When the Web was in its infancy, laws required service providers to allow all websites equal access to bandwidth, no matter how much data they transmitted. But in 2002, the FCC ruled that these service providers should no longer be classified as telecommunications services but as information services, a distinction that severely limited the ability of government to regulate. In 2010, the FCC adopted rules under this less regulatory framework in an attempt to ensure that the Internet stayed open and fair.
But just months after Sohn reported for duty in her southwest D.C., office, a federal court ruling stemming from a lawsuit originally brought by Verizon invalidated the 2010 rules, essentially ending the long-standing principle of net neutrality and evoking one of Sohn’s darker visions.
“Without net neutrality, an Internet service provider could say to Netflix, for example, we’re going to slow down the quality of your service unless you pay us extra,” she explains. “A provider could slow down or speed up content that it didn’t like; it would essentially be making decisions for you.”
Reaction to the suit was swift.
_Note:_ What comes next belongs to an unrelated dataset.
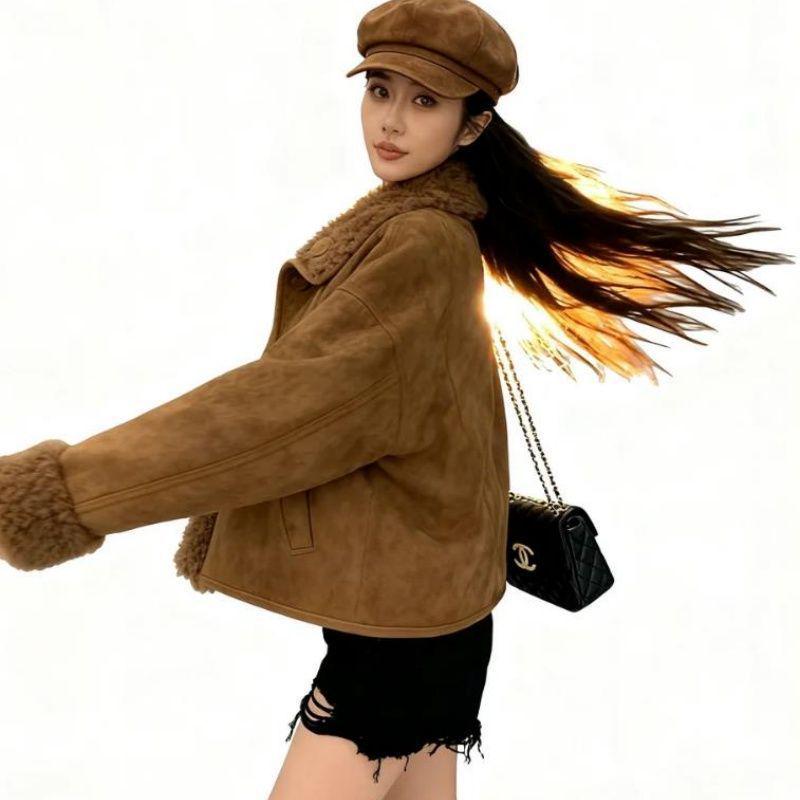 Retro Coffee Lamb Wool Jacket with Fur Lining – Trendy, Warm Top for Petite Sizes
Petitions flooded social media sites, urging the FCC to “stop kowtowing to corporate interests and save the open Internet.” A White House blog reaffirmed the administration’s commitment to “a free and open Internet,” while the president himself proclaimed via live video chat that “The Internet is perhaps the most open network in history, and we have to keep it that way.”
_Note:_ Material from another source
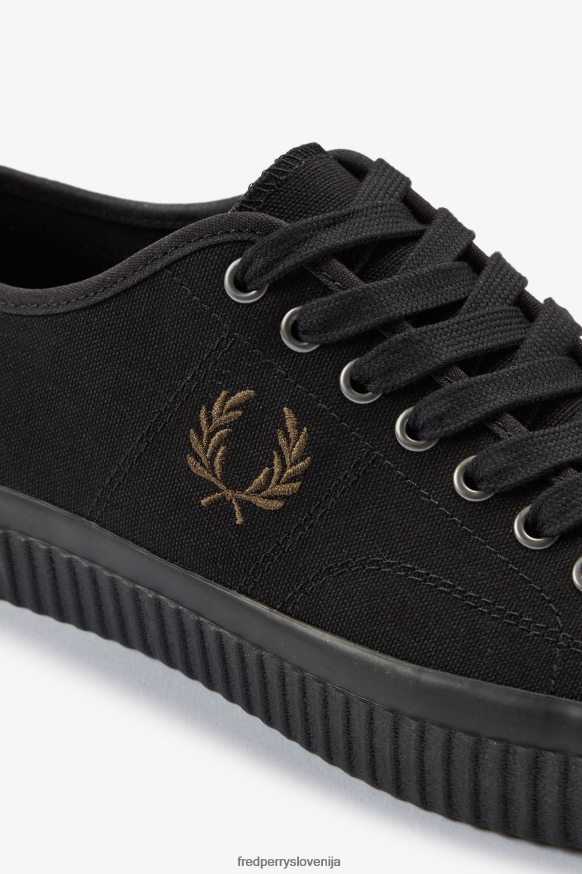 Fred Perry čevlji v uporabi Fred Perry Hughes Nizek čevlji na nogi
For their part, key industry players such as Verizon and Time Warner Cable continued to insist they should be free to manage their affairs as they please, thank you very much, and pledged to maintain an open Internet providing consumers with competitive choices and unfettered access.
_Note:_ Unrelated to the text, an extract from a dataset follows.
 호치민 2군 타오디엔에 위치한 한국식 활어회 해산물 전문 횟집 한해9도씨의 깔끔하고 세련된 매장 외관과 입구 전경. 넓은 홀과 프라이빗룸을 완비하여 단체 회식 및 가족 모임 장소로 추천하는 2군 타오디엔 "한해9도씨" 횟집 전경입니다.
Like a Facebook relationship, obviously, the situation is … complicated. Sohn spent the weeks immediately following the decision explaining the ruling’s legal nuances to lay people, while her agency scrambled to provide a new framework palatable to all.
When a new set of FCC proposals in late April stoked widespread panic in the media that net neutrality might soon become a thing of the past, Sohn found herself facing pushback from former colleagues outside the FCC — a situation that left her feeling not so much uncomfortable as introspective.
“I’m an advocate at heart, but I believe in the mission of the agency,” she says. “That means I’ve had to switch gears and be a team player, and work toward making policy from the inside. It means I don’t necessarily get my way. It’s been an interesting test for me.”
With its relentless demands, her job is no 9-to-5 undertaking; the very notion makes Sohn laugh. Still, she’s committed to carving out family time at the end of an exhausting day, returning to the urban home she shares with her wife, Lara Ann Ballard, an Army veteran and an attorney with the U.S. State Department, and their 9-year-old daughter Yosselin.
The spouses share a passion for cooking — “I make a mean waffle!” Sohn proclaims — and their house rings with music. Recently, Sohn started taking singing lessons as a counterpoint to the hours parsing the most intricate of regulations, rulings and proposed media mergers.
Meanwhile, a sense of urgency underlies her days at the FCC: Sohn’s boss serves at the pleasure of the president, and a new election looms. Three years, then, to get everything on her agenda done.
What’s ahead for her after that?
“I’m really not thinking about it right now,” Sohn says. “I just started this job 6 months ago, and I plan to be at the FCC until the end of the chairman’s tenure.The only thing I know for sure is that I’ll still be working on behalf of the public.”
– Fredda Sacharow is a former editorial page editor and a freelance writer whose work has appeared in The New York Times, NJBiz, the Jewish Exponent and various publications of Rutgers and Columbia universities.